If 2009 was the year that retailers jumped on the Twitter bandwagon, then what will 2010 bring in terms of social media?

If 2009 was the year that retailers jumped on the Twitter bandwagon, then what will 2010 bring in terms of social media?

My feeling is that this year won’t bring any major new platforms that retailers need to experiment with. Rather they should try and get some value out of what’s already out there on the web.

In the early days of social commerce businesses could get away with setting their brand free on the web in the hands of a capable staff member or two; usually someone junior who was using all these sites themselves anyway. Mostly they have got away with this (the Habitat debacle being the notable exception).

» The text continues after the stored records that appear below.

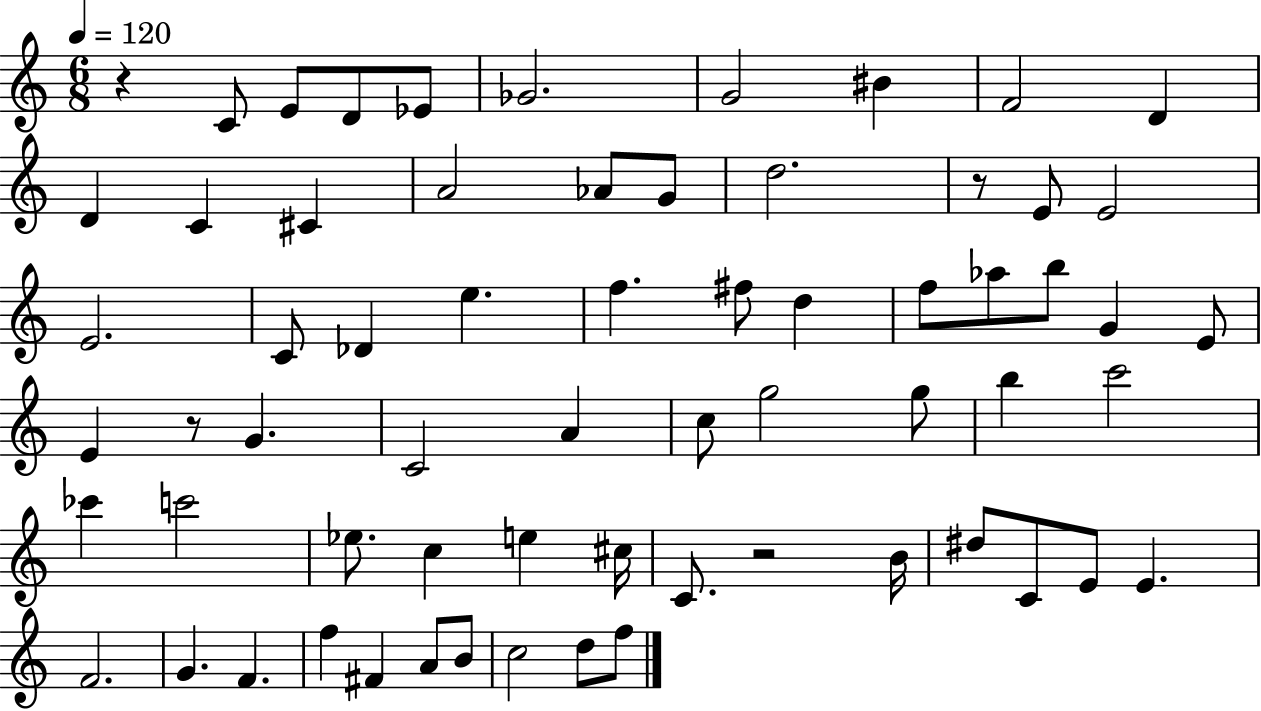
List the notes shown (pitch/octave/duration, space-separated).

R/q C4/e E4/e D4/e Eb4/e Gb4/h. G4/h BIS4/q F4/h D4/q D4/q C4/q C#4/q A4/h Ab4/e G4/e D5/h. R/e E4/e E4/h E4/h. C4/e Db4/q E5/q. F5/q. F#5/e D5/q F5/e Ab5/e B5/e G4/q E4/e E4/q R/e G4/q. C4/h A4/q C5/e G5/h G5/e B5/q C6/h CES6/q C6/h Eb5/e. C5/q E5/q C#5/s C4/e. R/h B4/s D#5/e C4/e E4/e E4/q. F4/h. G4/q. F4/q. F5/q F#4/q A4/e B4/e C5/h D5/e F5/e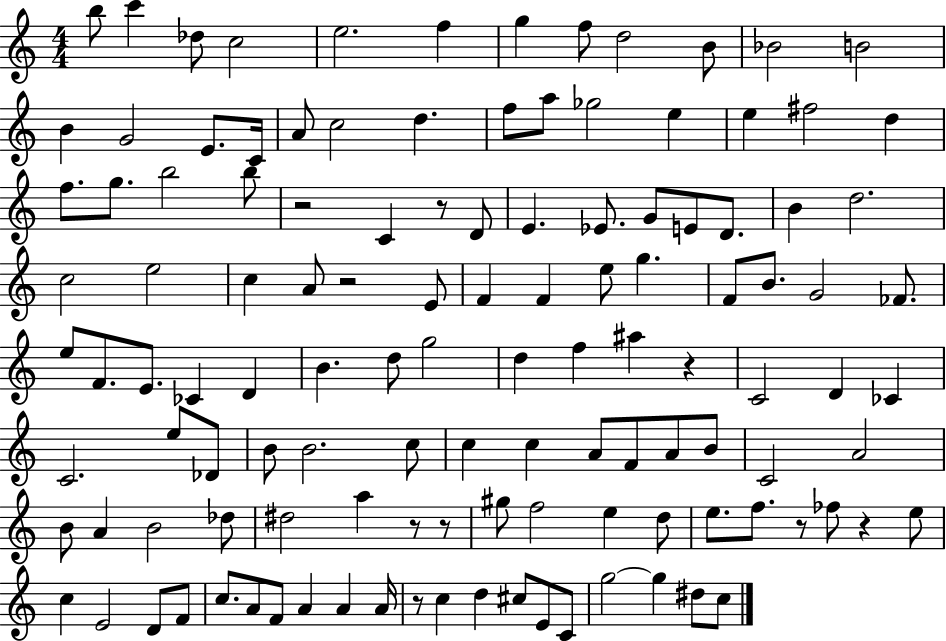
B5/e C6/q Db5/e C5/h E5/h. F5/q G5/q F5/e D5/h B4/e Bb4/h B4/h B4/q G4/h E4/e. C4/s A4/e C5/h D5/q. F5/e A5/e Gb5/h E5/q E5/q F#5/h D5/q F5/e. G5/e. B5/h B5/e R/h C4/q R/e D4/e E4/q. Eb4/e. G4/e E4/e D4/e. B4/q D5/h. C5/h E5/h C5/q A4/e R/h E4/e F4/q F4/q E5/e G5/q. F4/e B4/e. G4/h FES4/e. E5/e F4/e. E4/e. CES4/q D4/q B4/q. D5/e G5/h D5/q F5/q A#5/q R/q C4/h D4/q CES4/q C4/h. E5/e Db4/e B4/e B4/h. C5/e C5/q C5/q A4/e F4/e A4/e B4/e C4/h A4/h B4/e A4/q B4/h Db5/e D#5/h A5/q R/e R/e G#5/e F5/h E5/q D5/e E5/e. F5/e. R/e FES5/e R/q E5/e C5/q E4/h D4/e F4/e C5/e. A4/e F4/e A4/q A4/q A4/s R/e C5/q D5/q C#5/e E4/e C4/e G5/h G5/q D#5/e C5/e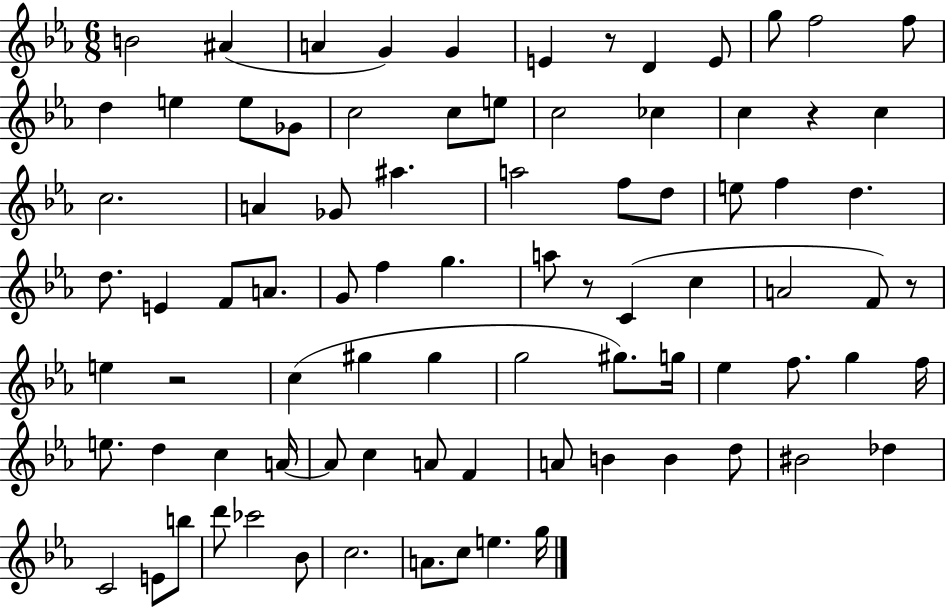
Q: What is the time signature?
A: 6/8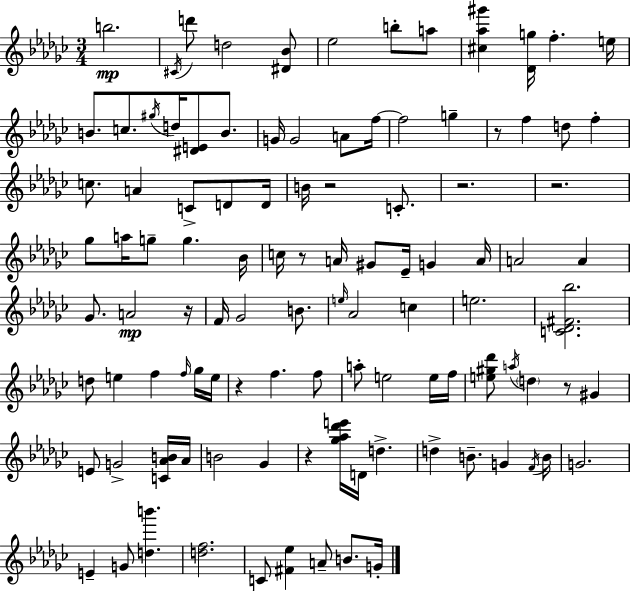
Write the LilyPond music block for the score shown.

{
  \clef treble
  \numericTimeSignature
  \time 3/4
  \key ees \minor
  b''2.\mp | \acciaccatura { cis'16 } d'''8 d''2 <dis' bes'>8 | ees''2 b''8-. a''8 | <cis'' aes'' gis'''>4 <des' g''>16 f''4.-. | \break e''16 b'8. c''8. \acciaccatura { gis''16 } d''16 <dis' e'>8 b'8. | g'16 g'2 a'8 | f''16~~ f''2 g''4-- | r8 f''4 d''8 f''4-. | \break c''8. a'4 c'8-> d'8 | d'16 b'16 r2 c'8.-. | r2. | r2. | \break ges''8 a''16 g''8-- g''4. | bes'16 c''16 r8 a'16 gis'8 ees'16-- g'4 | a'16 a'2 a'4 | ges'8. a'2\mp | \break r16 f'16 ges'2 b'8. | \grace { e''16 } aes'2 c''4 | e''2. | <c' des' fis' bes''>2. | \break d''8 e''4 f''4 | \grace { f''16 } ges''16 e''16 r4 f''4. | f''8 a''8-. e''2 | e''16 f''16 <e'' gis'' des'''>8 \acciaccatura { a''16 } \parenthesize d''4 r8 | \break gis'4 e'8 g'2-> | <c' aes' b'>16 aes'16 b'2 | ges'4 r4 <ges'' aes'' des''' e'''>16 d'16 d''4.-> | d''4-> b'8.-- | \break g'4 \acciaccatura { f'16 } b'16 g'2. | e'4-- g'8 | <d'' b'''>4. <d'' f''>2. | c'8 <fis' ees''>4 | \break a'8-- b'8. g'16-. \bar "|."
}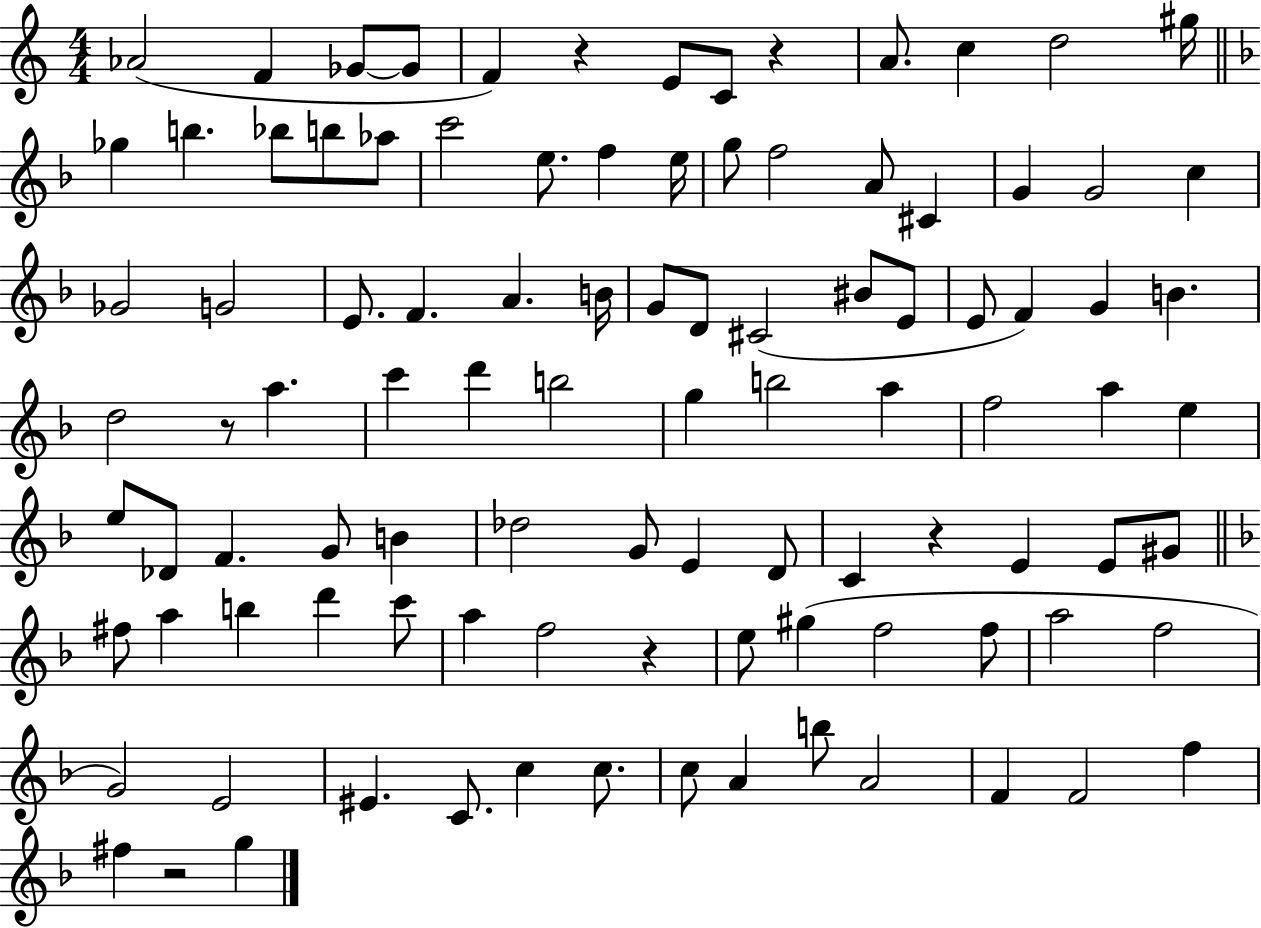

But in 2010 I expect to see social media done a lot more professionally. Comet has just announced that it has signed up an agency specifically to handle its social media for the first time; and other major brands such as Marks & Spencer have already taken such steps.

Part of the fun and appeal to consumers of brands expressing themselves online in the early days of social media has been how un-corporate they have been. They have been talking to their customers in the real voices of their staff, who in many cases mirror their target customer demographic. Once you hook up with an agency, you must be careful that this is not lost.

On the plus side, if anyone can prove the return on investment for social media of all kinds then it should be an agency trying to prove its worth. Aside from a few well-publicised (and much retweeted) examples of the results social media can have on retailers’ sales, there is not much yet that retailers can use to benchmark themselves against.

2010 should be the year when we start to hear more about social commerce success and failures, and the accepted rules for how retailers can make best use of the web in this way really begin to be formulated.